WHAT THE TASK REQUIRES
Taking the data below, please print only the lines from the line holding "The Belted Hollywood Trousers - Greige" to the line holding "Stadreinigung Hamburg beim Laubblasen", inclusive, with pictures omitted.

Source records
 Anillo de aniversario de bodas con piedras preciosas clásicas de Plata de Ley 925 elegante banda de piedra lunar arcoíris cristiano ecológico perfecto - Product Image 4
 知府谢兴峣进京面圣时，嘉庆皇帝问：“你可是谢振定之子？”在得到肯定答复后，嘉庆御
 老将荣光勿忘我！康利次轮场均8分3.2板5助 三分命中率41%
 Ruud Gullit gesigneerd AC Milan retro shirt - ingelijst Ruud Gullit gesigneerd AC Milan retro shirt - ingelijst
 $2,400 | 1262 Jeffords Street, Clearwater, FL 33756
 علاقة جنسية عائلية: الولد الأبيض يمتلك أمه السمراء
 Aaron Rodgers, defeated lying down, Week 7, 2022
==
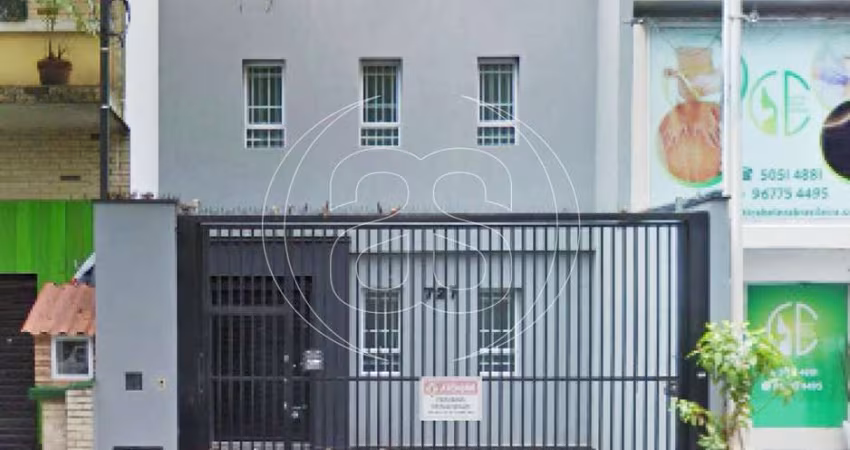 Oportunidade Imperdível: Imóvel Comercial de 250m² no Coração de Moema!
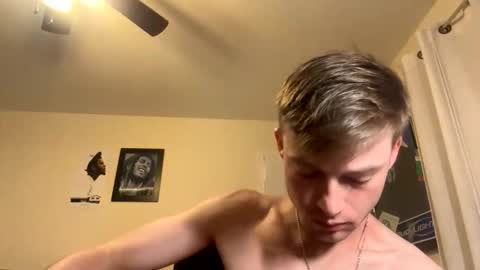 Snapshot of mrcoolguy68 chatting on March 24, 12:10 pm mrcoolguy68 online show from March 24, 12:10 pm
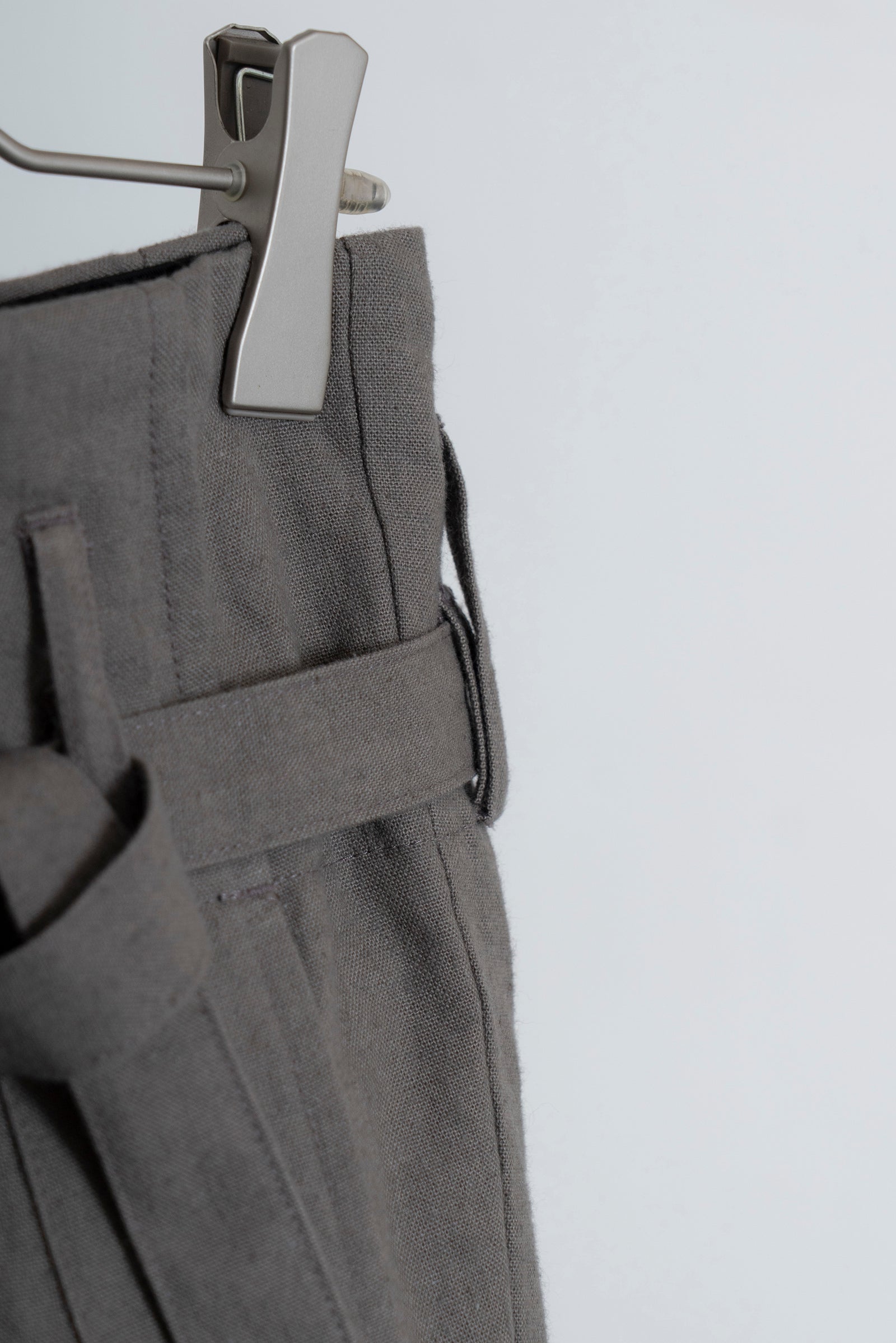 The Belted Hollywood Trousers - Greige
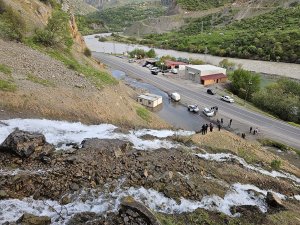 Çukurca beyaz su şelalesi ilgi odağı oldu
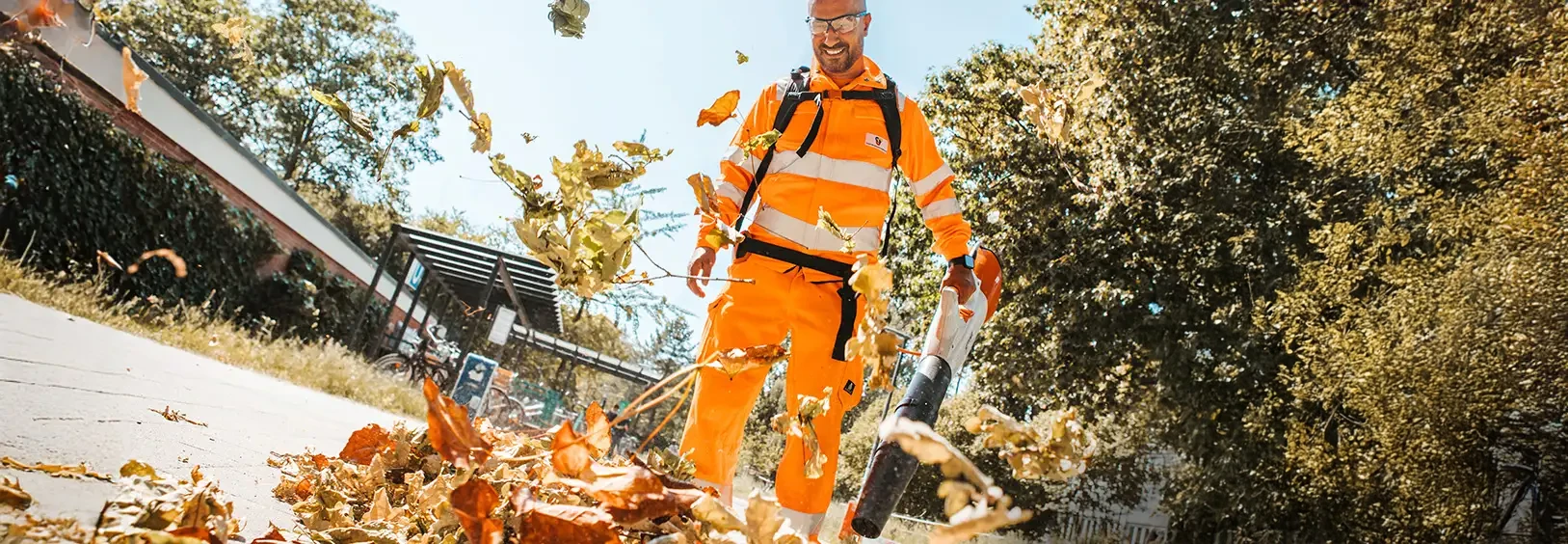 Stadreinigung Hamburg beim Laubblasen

WRITTEN SOLUTION
 The Belted Hollywood Trousers - Greige
 Çukurca beyaz su şelalesi ilgi odağı oldu
 Stadreinigung Hamburg beim Laubblasen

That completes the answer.